- BRIEF
The answer must consist solely of the lines from the opening line of the entries through the line with "Personalized A Veteran", transcribed exactly and without any pictures.

- MATERIAL FOR THIS TASK
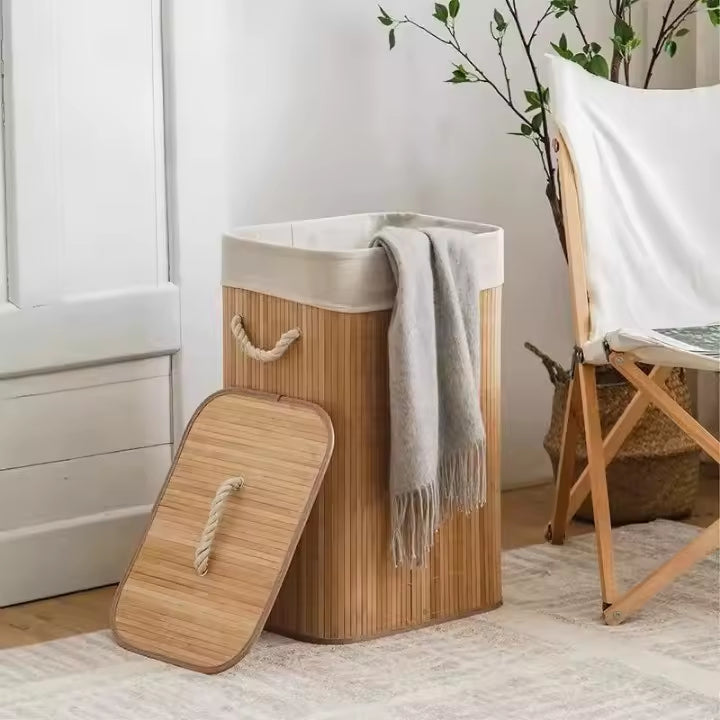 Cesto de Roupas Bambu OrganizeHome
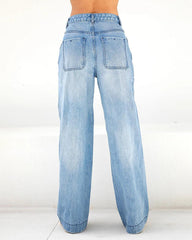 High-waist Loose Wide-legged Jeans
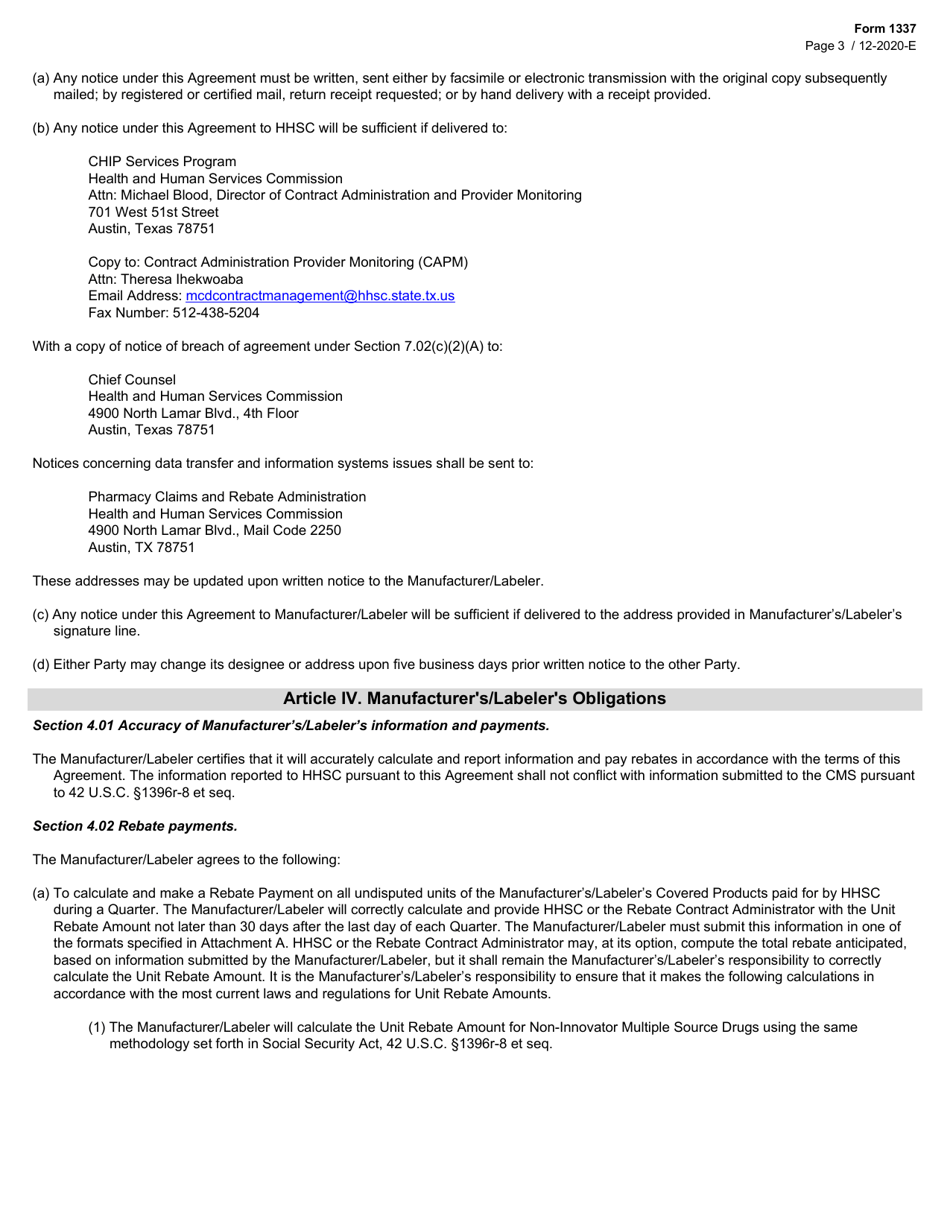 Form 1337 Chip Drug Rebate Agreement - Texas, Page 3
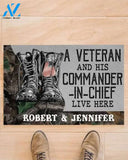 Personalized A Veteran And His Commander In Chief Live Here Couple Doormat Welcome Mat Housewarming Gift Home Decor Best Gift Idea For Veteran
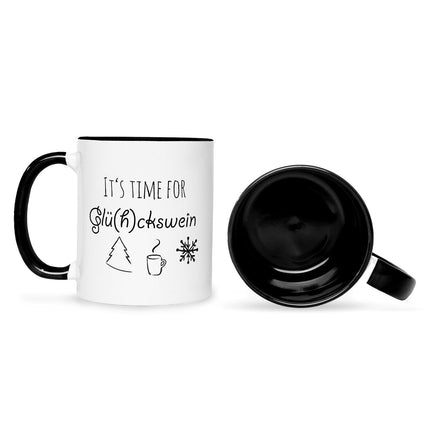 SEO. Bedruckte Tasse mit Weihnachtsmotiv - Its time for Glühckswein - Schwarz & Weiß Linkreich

- EXERCISE RESULT
 Cesto de Roupas Bambu OrganizeHome
 High-waist Loose Wide-legged Jeans
 Form 1337 Chip Drug Rebate Agreement - Texas, Page 3
 Personalized A Veteran And His Commander In Chief Live Here Couple Doormat Welcome Mat Housewarming Gift Home Decor Best Gift Idea For Veteran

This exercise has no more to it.